Data Observability: Datasets

Data Observability is in Preview.
Datasets page showing a list of tables with columns for query count, storage size, row count, and last data update; two tables are flagged with triggered alerts

Data Observability for Datasets detects issues such as data freshness delays, unusual data patterns, and changes in column-level metrics before they affect dashboards, machine learning models, or other downstream systems.
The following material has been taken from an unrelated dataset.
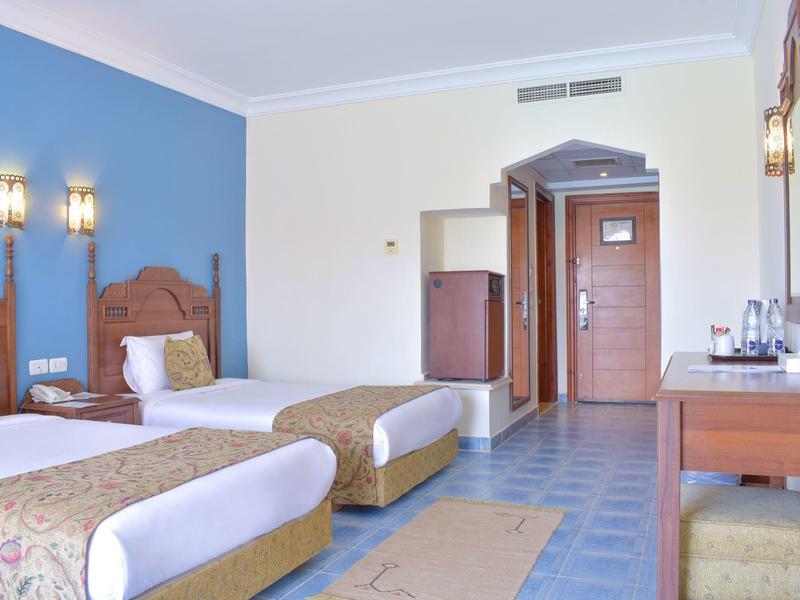 Zwei Einzelbetten mit Holzrahmen, blaue Wand, Schreibtisch und Eingangstür in hellem Hotelzimmer.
It alerts you to potential problems and provides the context to trace them back to upstream jobs or sources.

Key capabilities

With Data Observability, you can:

  • Detect delayed updates and unexpected row count behavior in your tables
  • Surface changes in column-level metrics such as null counts or uniqueness
  • Set up monitors using static thresholds or historical baselines
  • Trace quality issues using lineage views that show upstream jobs and downstream impact

Supported data sources

Data Observability supports the following data sources:

  • Snowflake
  • BigQuery

Setup

To monitor Snowflake data in Datadog, you must configure both your Snowflake account and the Snowflake integration in Datadog. Before you begin, make sure that:

After you confirm the prerequisites above, complete the following setup steps in Snowflake:

  1. Define the following variables:

    SET role_name = 'DATADOG_ROLE';
    SET user_name = 'DATADOG_USER';
    SET warehouse_name = 'DATADOG_WH';
    SET database_name  = '<YOUR_DATABASE>';
    
  2. Create a role, warehouse, and key-pair-authenticated user.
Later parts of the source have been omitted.